I'm working with a dataset where multiple values in a cell are tagged under categories like Location, Host, Guest, and Bucket, and separated by line breaks. I need to split these into separate columns based on the tags, but the values are inconsistent, so separating by line break creates many unwanted columns.
Below are some cells that I want to format in a specific way (see format style image attached below)
Location / Hosts / Guests / Regulars / Musicians / Band Members / Bucket Pulls |
---|
Location: Comedy Store Belly Room Host: Tony Hinchcliffe Host: Brian Redban Guest: Rick Ingraham Bucket: Skyler Bucket: Rich Slaton Bucket: Jeff Schwind Bucket: Matt Devlin Bucket: Taylor Dean Bucket: Frank Castillo Bucket: Kenny Lion Bucket: Mike Stanley Bucket: Andrew Yanker Bucket: Sara Mostajabi Bucket: Timothy Greer Bucket: Kyle Henson |
Location: Comedy Store Main Room Host: Tony Hinchcliffe Host: Brian Redban Guest: Joe Rogan Guest: Dom Irrera Musical Guest: Pat Regan Musical Guest: Jeremiah Watkins Security: Iron Patriot Bucket: Chris Fried Bucket: Dan Madonia Bucket: Gail Travers Bucket: Chalus Robinson Bucket: Dan Bublitz Bucket: Mike Fairbare Bucket: Eddie Gibson Regular: Sara Weinshenk Regular: Kim Congdon |
Location: Comedy Store Belly Room Host: Tony Hinchcliffe Host: Brian Redban Guest: Chris D’Elia Guest: Neal Brennan Musical Guest: Pat Regan Artist: Ryan J. Ebelt Bucket Signups: 30 Bucket: Matty Chymbor Bucket: David Deery Bucket: Franklin Yee Bucket: Cole Young Bucket: Gali Kroup Bucket: Jeremy Paul Bucket: Tim Alexander Bucket: Mike Schmidt Regular: Sara Weinshenk Bucket: Eddie Gibson |
When I use a delimiter to separate the data, it works well for the Location and Host columns because they are similar throughout the column, but the other values (like Guest and Bucket) are inconsistent across cells, so they spill into different columns after separation. This is causing issues when trying to structure the data correctly.

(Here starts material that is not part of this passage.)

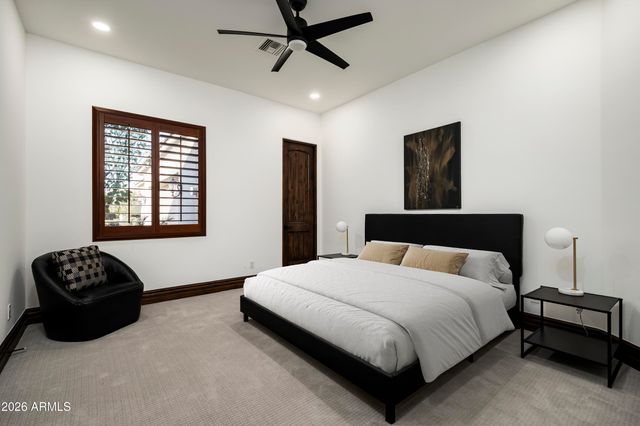 3905 E MALLORY Circle, Mesa, AZ 85215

I've already cleaned most of the dataset, but I'm stuck on how to handle these inconsistent patterns. I have spent hours trying to figure it out, tried using different formulas like textsplit,wrapcols,wraprows, etc but to no avail. I am so frustrated please help.
Could you suggest the best way to tackle this? Any advice or suggestions would be greatly appreciated!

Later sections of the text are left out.